Robert E. Lee is known to have sat for only four painted portraits during his life--and only one direct portrait in sculpture. In June 1870, a weary Lee began a series of sittings with the young sculptor Edward Virginius Valentine in Lexington.

 

 

 

Description:

American, circa 1870

Sand casted bronze with brown patina

Titled on the back: Gen. Robert E. Lee in raised letters

Signed: Edward V. Valentine in stamped letters 

The overall height is 22 1/2 inches; the overall width is 21 1/2 inches; and the overall depth is 10 1/2 inches.

 

This portrayal, encompassing head and chest, shows General Lee in his CSA uniform with his head slightly turned to the right. His hair is parted on the right and there is a bow tie on his collared shirt. Over his vest is a double-breasted uniform coat with three stars on each lapel.

 

Artist

Edward Virginius Valentine was born in Richmond on November 12, 1838 to Mann Satterwhite Valentine, a successful merchant, and his wife, the former Elizabeth Mosby. The youngest of nine children, Edward’s talent was revealed early on, and young “Ned” won his first art award at the age of seventeen, for a bust of the Apollo Belvedere exhibited at the Mechanics Institute Fair in Richmond. In 1856, he studied human anatomy at the Medical College of Virginia and received instruction in drawing from the Richmond artist, William James Hubard. From 1859 to 1865, Valentine traveled in Europe, studying under Couture and Jouffrey in Paris, Bonanti in Florence and August Kiss in Berlin.
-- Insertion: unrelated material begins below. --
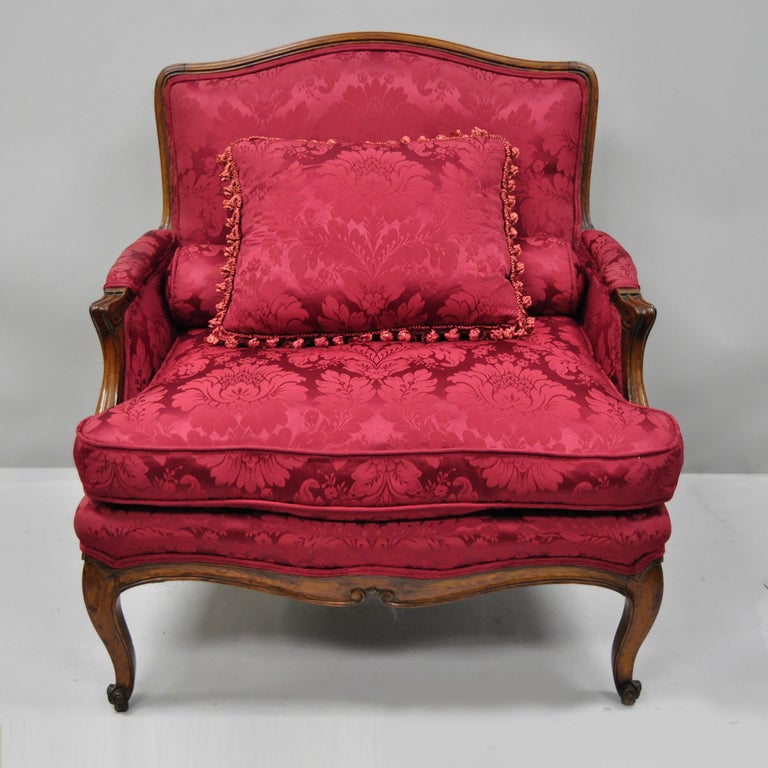 Antique French Country Louis XV style carved mahogany settee. Item features partial down filled cushion, bolster pillow, solid wood construction, and cabriole legs, circa 1950. Measurements: 34.5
Upon Professor Kiss’s death--and the conclusion of the War Between the States--Valentine returned to Richmond, opening his own studio. There he produced classical pieces as well as commissioned work. Most scholars and texts recognize Valentine as the most renowned sculptor in the South during the second half of the nineteenth century. Certainly, Valentine’s sculptures of Lee, especially the recumbent statue of Lee at his burial site in the chapel at Washington and Lee University, are his most famous. Other significant works include the statues of Thomas Jefferson and Jefferson Davis in Richmond.

 

Casting

In late May 1870, General Lee visited Richmond and underwent thorough physical examinations by his doctors. In response to encouragement from friends, he took this opportunity to call on the noted young sculptor Edward Valentine. Evidently, he liked the young man, for he allowed detailed measurements to be taken for a portrait head. The sculptor said that he would like to do the actual modeling in Lexington. Should he come now or in the fall? Let him come now, said Lee, even though he himself would have more leisure for sittings toward autumn--and Valentine sensed that Lee felt his hold on life to be uncertain. (1) Four months later--October 12, 1870--Lee passed away.

 

The sittings commenced on June 7 and were completed on June 12. The sessions took place at in a makeshift workroom--a vacant store below Valentine’s hotel. The sittings were kept private, at Lee’s request; only his son Custis and one of the Washington College professors were admitted. The casting took place on June 20, 1870. On July 27, 1870, the Richmond Dispatch reported on Valentine’s latest work, describing it as "a noble work that belongs to the nation."

 

There are two plaster busts existing of this work, one at the Valentine Museum and one in private ownership. Both of the bronze castings are in private ownership, this being one of the two. The other is now in a private collection in Texas, sold by Robert M. Hicklin Jr., Inc.  The National Portrait Gallery has a copy in bronze, made in 1978 from the plaster bust in the Valentine Museum's collection (with great loss of detail).

 

This sculpture was produced by sand casting, a procedure used in American foundries through 1895. (See Shapiro’s Bronze Casting and American Sculpture, page 108.)  The foundry mark is on the backside at the lower right, and it is in the form of the box used to make sand castings. It is believed to be the mark of the Tredegar Iron works in Richmond, a Confederate enterprise that had made bronze cannons during the Civil War.  This particular bronze was examined by the then curator of the Valentine Museum and has been identified as one of the two 1870 castings.

 

Condition

There are no major faults or damage, and there are no apparent repairs or restorations.  Expectably, there is "bronze disease” from aging, in the form of noticeable surface verdigris and grunge, and there are minor scuffs and wear points. The underside appears never to have had a plinth base attached, though the mounts are present.

 

Comment

This extraordinarily rare and significant piece represents the ultimate confluence of Southern history and art: the most famous Southern hero portrayed by the most widely regarded Southern artist of the day, likely cast by a famous Southern foundry noted for producing Confederate armaments.

 

 

"The head of my bust is a little elevated and turned to the right side. The Gen'l said that Mrs. Lee seems to prefer a three-quarter view of his face, and this view you get when standing in front of the bust."

 

The artist to his sister, Sarah B. Valentine, on June 7, 1870. (Valentine Museum Archives)

 

 

"...a sad, slightly surprised look...the expression is one Lee might have had when surveying the dead soldiers on a battlefield.”

 

Melinda Moss, "Edward Valentine: A Southern Artist," p.  46.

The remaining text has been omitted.